Z-Machine at Sandia Labs Aims for More Power
Vexar writes "Memorable for its Back-to-the-Future room of electric arcs in 1998, Sandia Labs' Z-Machine is getting $61.7 Million in new funding. In addition to more physics textbook-worthy photos, the scientists at this lab intend to hit the all-important, fusion-ready 2.0 million degrees C."
Amazing research, though when they talk about reaching fusion temperatures, it looks to me like they're talking about modeling the fusion reaction of a Hydrogen Bomb, not creating a safe, clean power source.
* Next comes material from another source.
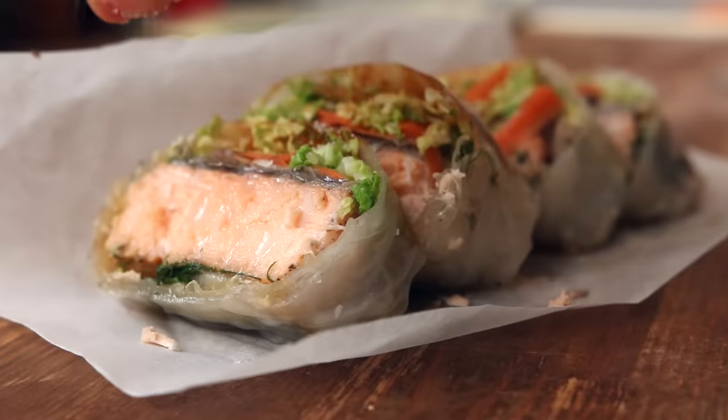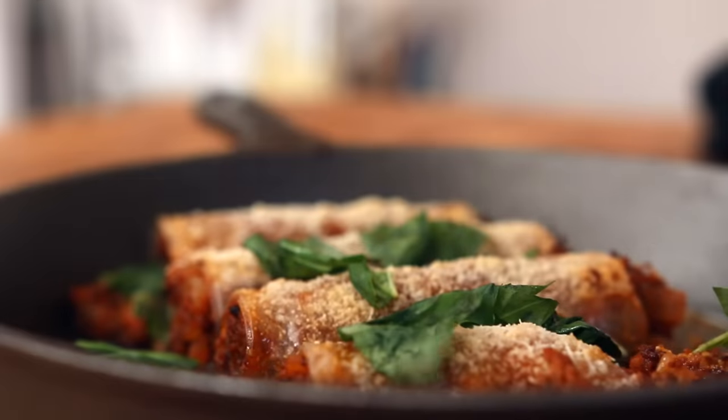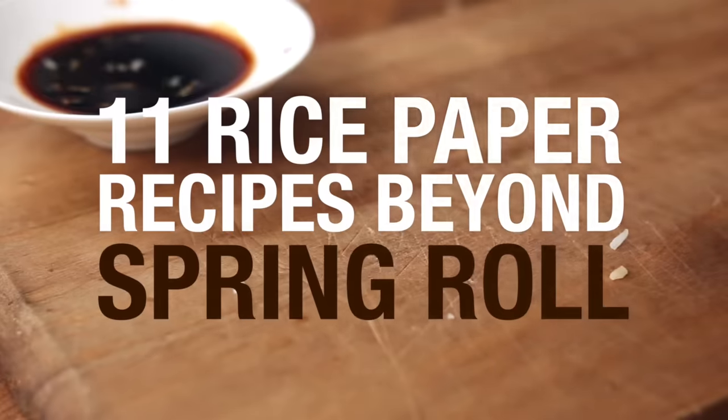I know what you think. Thanks to this guy, it's gonna be spring rolls every night of the week. I finally have 11 creative recipes that use rice paper way beyond the classic spring roll. Let's do it.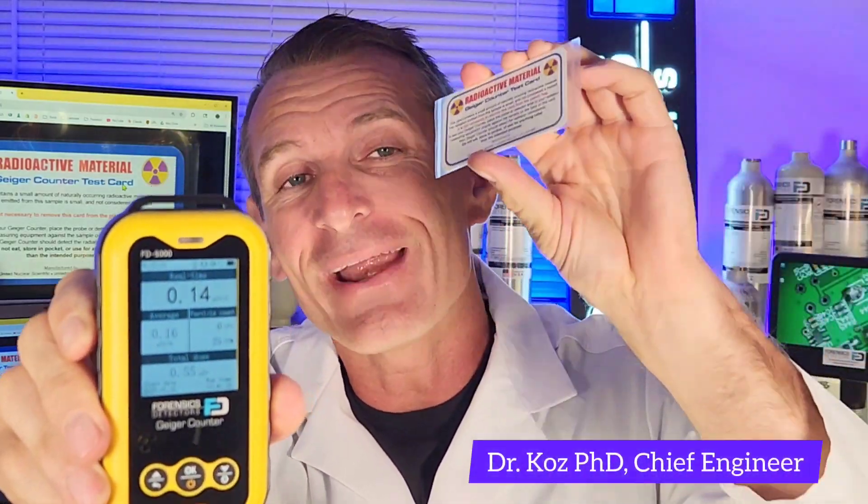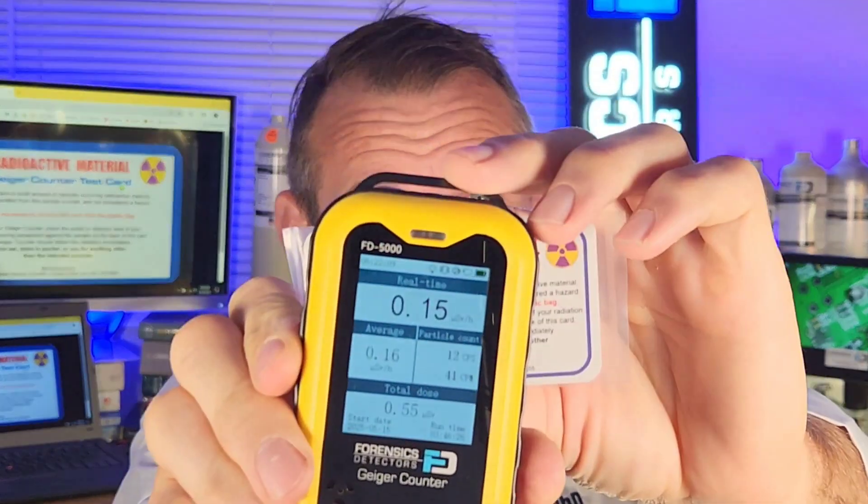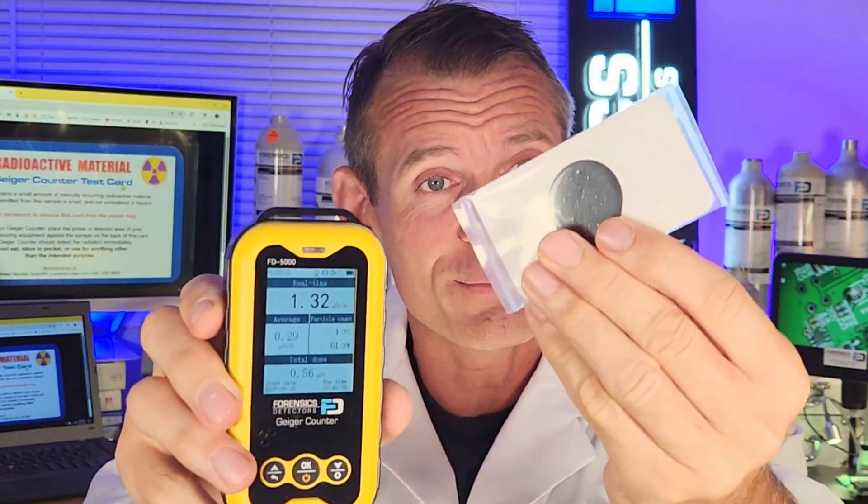This is a Geiger counter and radiation test card that come together. When you unpack it, you can pop it on the back and start seeing the numbers going quickly up. It serves the purpose of testing your Geiger counter immediately with a naturally safe source of radiation material. It's made by the famous United Nuclear Scientific, so it's the real deal.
They recognize as a side effect that they are refining plasma physics models and if you look at their experimental logs (troll around on their site a little and you'll see it), you can find experiments being run that are definitely designed to measure the physics of fusion temperature plasmas, with the stated goal of developing control algorithms for tokamaks.
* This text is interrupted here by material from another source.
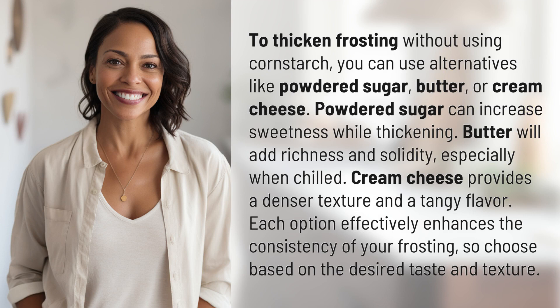Powdered sugar can increase sweetness while thickening. Butter will add richness and solidity, especially when chilled. Cream cheese provides a denser texture and a tangy flavor. Each option effectively enhances the consistency of your frosting, so choose based on the desired taste and texture.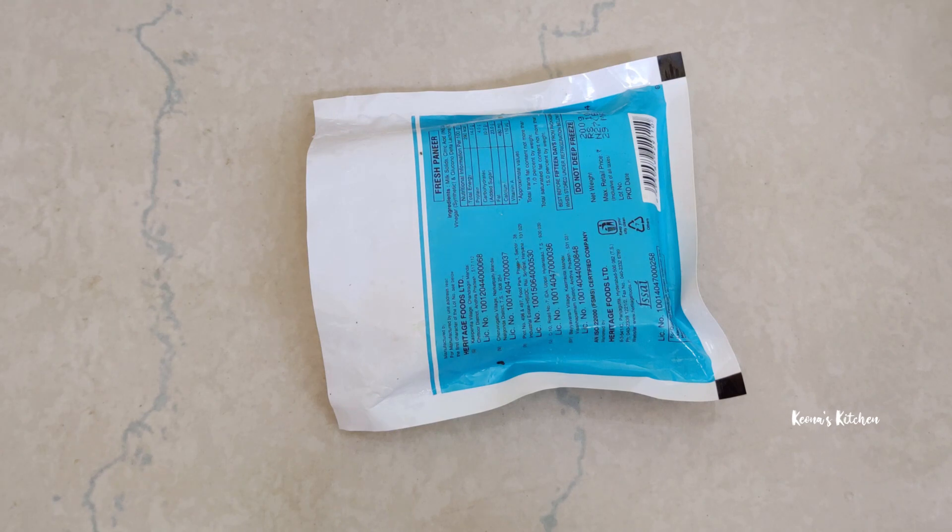Welcome to Kiyona Kitchen Key. Today I am going to tell you some kitchen tips.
ok now onto the <rant type=biased>
Tokamaks are fundamentally stupid ideas for two reasons. First off, ALL of the designs that are currently being discussed for funding and prototyping suffer transmutation of structural members. It takes a huge energy cost to get a tokamak started, and the designs that're being discussed undergo transmutation due to neutron and proton bombardment. Structural elements that are vital to the safe operating of the reactor will have to be replaced on a regular (6-18mo) basis to prevent a failure mode.
Which brings us to the second reason. You've got a big ring of extremely high-temperature, high-pressure, high-charge fluid material. Due to that charge, that ring is going to be fundamentally unstable. They're talking about controlling that with dynamic feedback electromagnet rings. The problem being that there's a stability jumping problem. And at the energies involved, quantum effects are very nearly on the scale necessary to jump to different stability modes.
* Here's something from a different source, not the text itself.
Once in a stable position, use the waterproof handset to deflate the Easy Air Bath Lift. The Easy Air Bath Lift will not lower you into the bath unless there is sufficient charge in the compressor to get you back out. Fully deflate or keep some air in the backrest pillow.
Of course all the alternative stability modes result in the plasma stream contacting the reactor wall. Which will result in burn-through. I don't think the behaviour will be bomb-like (unlike a fission reactor, this failure mode is self-quenching), but it's still a catastrophic failure mode and probably will spread radioactive material all over the place. Think chernobyl-style quarantine without the explosion at the beginning.
Combine the two and I think you'll see why I say that a tokamak is a fundamentally stupid idea.
</rant>
I am disrespectful to dirt! Can you see that I am serious?!